▶ _PROBLEM DETAILS_
Of the records that follow, copy only the lines from the line containing "Play MP4 - Boyfriend Dressed as Woman" to the line containing "莲藕青椒炒五花肉步骤11", both included, exactly as written.

=== Begin Enclosure ===

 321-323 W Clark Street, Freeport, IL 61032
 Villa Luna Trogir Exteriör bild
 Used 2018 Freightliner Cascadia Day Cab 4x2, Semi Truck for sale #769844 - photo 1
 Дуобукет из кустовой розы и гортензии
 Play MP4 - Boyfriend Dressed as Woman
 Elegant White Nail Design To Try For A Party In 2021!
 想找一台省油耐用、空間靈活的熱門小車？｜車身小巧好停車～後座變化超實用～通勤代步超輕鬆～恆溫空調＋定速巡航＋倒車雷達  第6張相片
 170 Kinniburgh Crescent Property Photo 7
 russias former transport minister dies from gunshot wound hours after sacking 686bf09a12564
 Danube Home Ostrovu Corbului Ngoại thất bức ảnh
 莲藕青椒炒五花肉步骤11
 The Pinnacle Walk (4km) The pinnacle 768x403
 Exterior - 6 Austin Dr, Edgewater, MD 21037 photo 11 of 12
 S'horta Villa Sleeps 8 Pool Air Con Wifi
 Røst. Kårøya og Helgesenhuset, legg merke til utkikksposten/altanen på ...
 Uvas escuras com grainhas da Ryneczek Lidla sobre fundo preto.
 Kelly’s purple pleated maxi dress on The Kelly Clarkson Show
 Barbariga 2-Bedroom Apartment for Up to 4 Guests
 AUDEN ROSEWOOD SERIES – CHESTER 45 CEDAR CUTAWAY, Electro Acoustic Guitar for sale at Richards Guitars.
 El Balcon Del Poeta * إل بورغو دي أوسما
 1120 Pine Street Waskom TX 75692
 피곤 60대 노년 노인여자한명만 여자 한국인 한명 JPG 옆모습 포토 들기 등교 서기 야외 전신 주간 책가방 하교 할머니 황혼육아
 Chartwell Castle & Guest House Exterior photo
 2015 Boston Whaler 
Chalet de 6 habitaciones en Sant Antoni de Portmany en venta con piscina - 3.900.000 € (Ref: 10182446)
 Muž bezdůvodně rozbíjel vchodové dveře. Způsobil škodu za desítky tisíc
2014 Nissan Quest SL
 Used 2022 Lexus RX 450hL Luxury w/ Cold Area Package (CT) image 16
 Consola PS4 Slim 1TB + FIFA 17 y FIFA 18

=== End Enclosure ===

▶ _REPLY TO THE EXERCISE_
 Play MP4 - Boyfriend Dressed as Woman
 Elegant White Nail Design To Try For A Party In 2021!
 想找一台省油耐用、空間靈活的熱門小車？｜車身小巧好停車～後座變化超實用～通勤代步超輕鬆～恆溫空調＋定速巡航＋倒車雷達  第6張相片
 170 Kinniburgh Crescent Property Photo 7
 russias former transport minister dies from gunshot wound hours after sacking 686bf09a12564
 Danube Home Ostrovu Corbului Ngoại thất bức ảnh
 莲藕青椒炒五花肉步骤11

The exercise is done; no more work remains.